Policymakers repeated their plan to hold short-term interest rates at record low levels until at least late 2014. Most economists say the Fed is likely to go further at its September meeting by launching another bond-buying program to drive down long-term interest rates.
The statement was approved on an 11-1 vote. Jeffrey Lacker, president of the Federal Reserve Bank of Richmond, dissented for a fifth time this year.
"Information received since the Federal Open Market Committee met in June suggests that economic activity decelerated somewhat over the first half of this year," the Fed said in a statement. "Growth in employment has been slow in recent months, and the unemployment rate remains elevated. Business fixed investment has continued to advance. Household spending has been rising at a somewhat slower pace than earlier in the year. Despite some further signs of improvement, the housing sector remains depressed. Inflation has declined since earlier this year, mainly reflecting lower prices of crude oil and gasoline, and longer-term inflation expectations have remained stable."
The statement was nearly identical to the one issued after the Fed's June meeting, expect for language noting slower growth.
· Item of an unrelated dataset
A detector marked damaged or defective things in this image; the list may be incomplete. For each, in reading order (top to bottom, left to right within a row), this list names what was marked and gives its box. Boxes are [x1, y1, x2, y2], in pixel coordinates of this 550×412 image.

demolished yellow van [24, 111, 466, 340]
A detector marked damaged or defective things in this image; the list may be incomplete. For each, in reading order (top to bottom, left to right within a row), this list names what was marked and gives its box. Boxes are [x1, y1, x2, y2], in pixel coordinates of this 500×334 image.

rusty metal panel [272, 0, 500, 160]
The Fed repeated that strains in the global market pose a significant risk to the U.S. economy, the housing market is improving but remains depressed and inflation remains tame.
Expectations that the Fed will take action to spark the U.S. economy have risen as growth has declined in recent months. The economy grew at an annual rate of only 1.5 percent from April through June, as Americans scaled back their spending. Personal expenditures fell $1.3 billion in June, or 0.1 percent, compared with the previous month, the U.S. Commerce Department reported this week.
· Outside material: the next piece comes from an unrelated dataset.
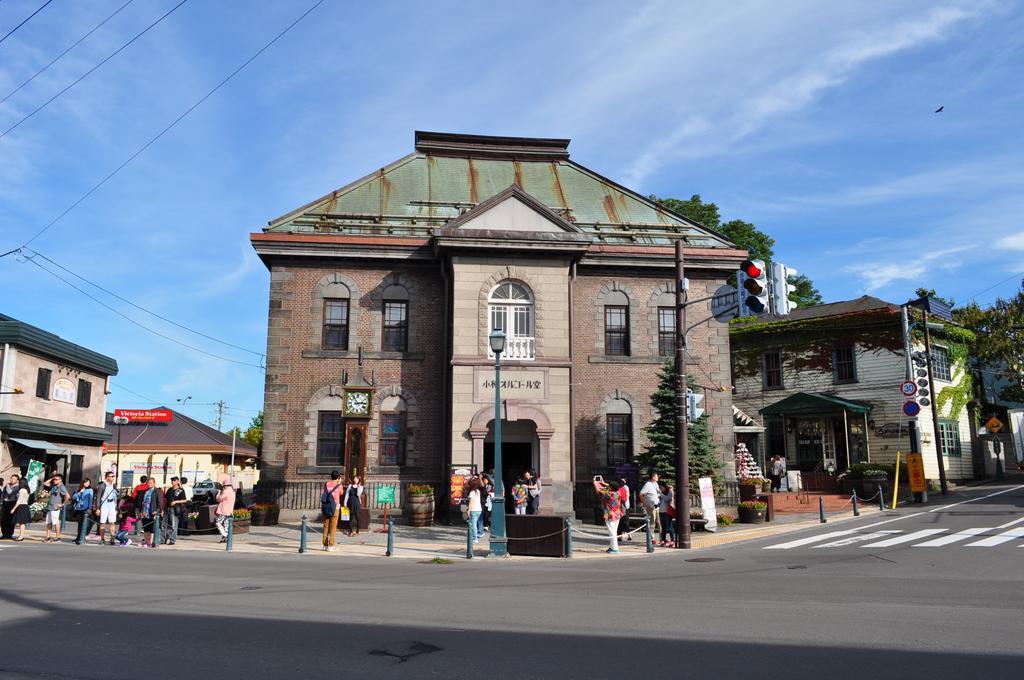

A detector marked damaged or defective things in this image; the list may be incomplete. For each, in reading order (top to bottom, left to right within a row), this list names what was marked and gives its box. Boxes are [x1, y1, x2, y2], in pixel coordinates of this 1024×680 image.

green copper roof with rust [264, 130, 737, 246]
That deceleration is heightening concerns that the economy could be stalling three years after the recession ended. Other signs also point to a slowdown.
U.S. manufacturing shrank for the second straight month in July, according to data released Wednesday by the Institute for Supply Management, a trade group of purchasing managers. The group's index of manufacturing activity ticked up to 49.8, from 49.7 in June. A reading below 50 indicates contraction. June was the first time the survey showed manufacturing contracted in three years.
Other measures of the economy's health show it continuing to heal, if slower than the Fed and other policymakers would like. Payroll provider ADP said today that businesses added 163,000 jobs last month, down from a revised total of 172,000 jobs it reported for June.
The report only covers hiring in the private sector and excludes government job growth. The Labor Department will offer a more complete picture of July hiring on Friday.
The U.S. Labor Department releases the July jobs report on Friday. Economists forecast that U.S. employers added 100,000 jobs in July. That would be only slightly better than the 75,000 a month from April through June and still down from a healthy 226,000 average in the first three months of the year. The unemployment rate is expected to stay at 8.2 percent.
Worries have also intensified about Europe's debt crisis and whether the U.S. economy will fall off a "fiscal cliff" at the end of the year. That's when tax increases and deep spending cuts will take effect unless Congress reaches a budget deal.
In his semiannual report to Congress on July 17, Fed Chairman Ben Bernanke told members of the Senate Banking Committee that the central bank is prepared to take action to stimulate the economy. Although he stopped short of specifying what steps the Fed considering, his remarks were enough to boost stocks.